**Recorded data:**
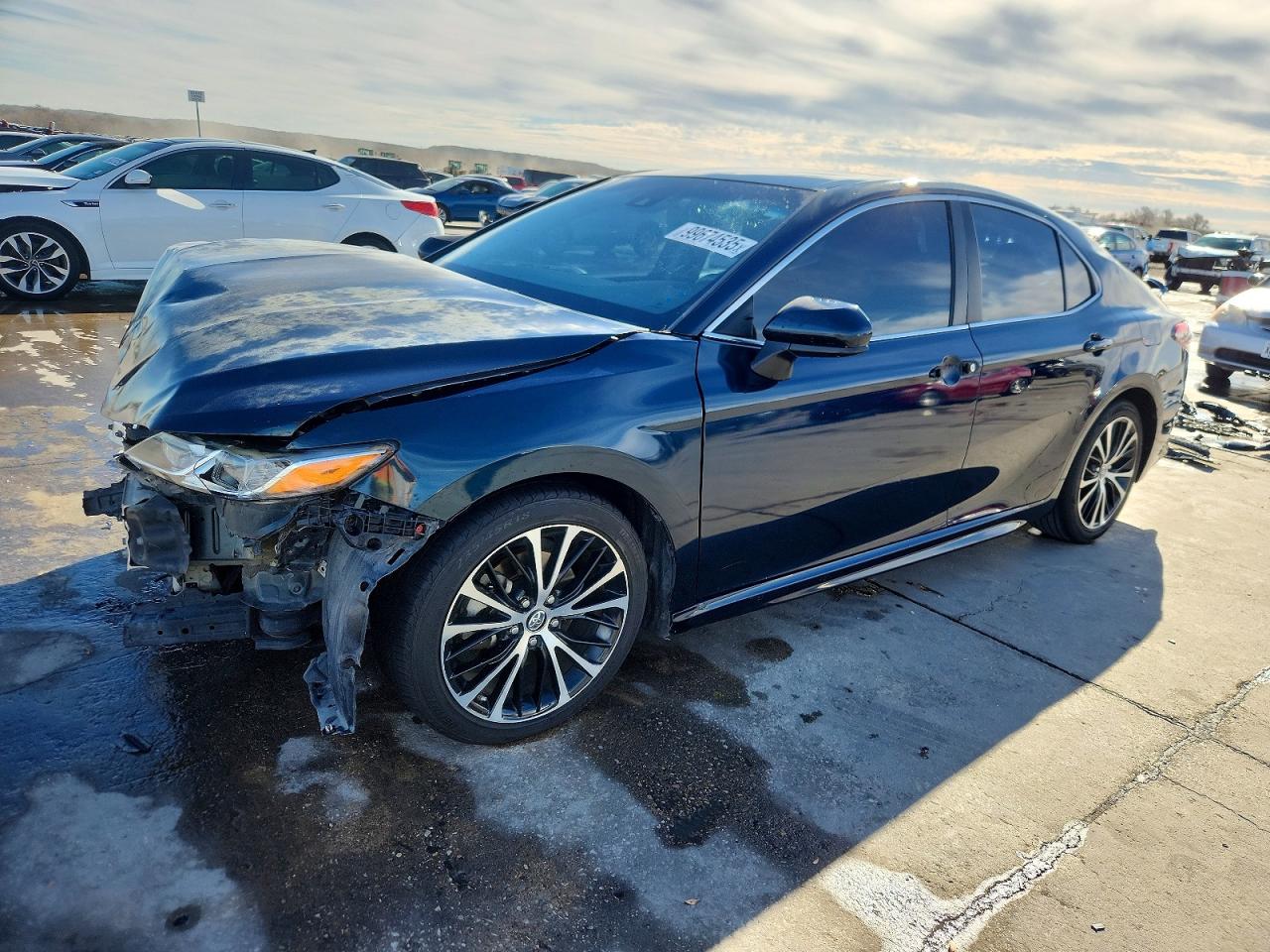2018 TOYOTA CAMRY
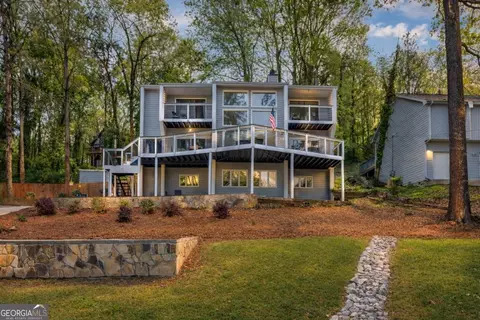 8515 Lake Dr, Snellville, GA 30039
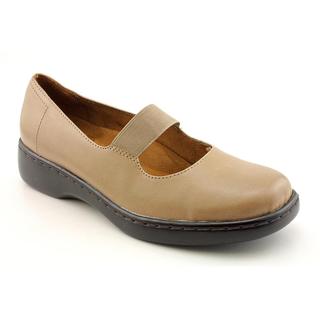 Auditions Women's 'Rhythm' Leather Casual Shoes - Narrow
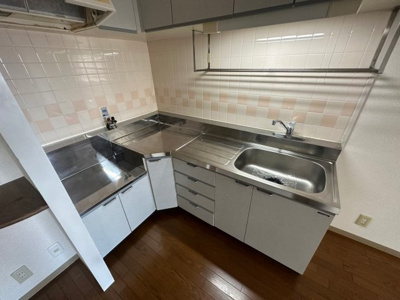 【キッチン】 | ザウバーベルク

**Task:** Every line above should be repeated exactly; pictures stay out of the copy.

**Written answer:**
2018 TOYOTA CAMRY
 8515 Lake Dr, Snellville, GA 30039
 Auditions Women's 'Rhythm' Leather Casual Shoes - Narrow
 【キッチン】 | ザウバーベルク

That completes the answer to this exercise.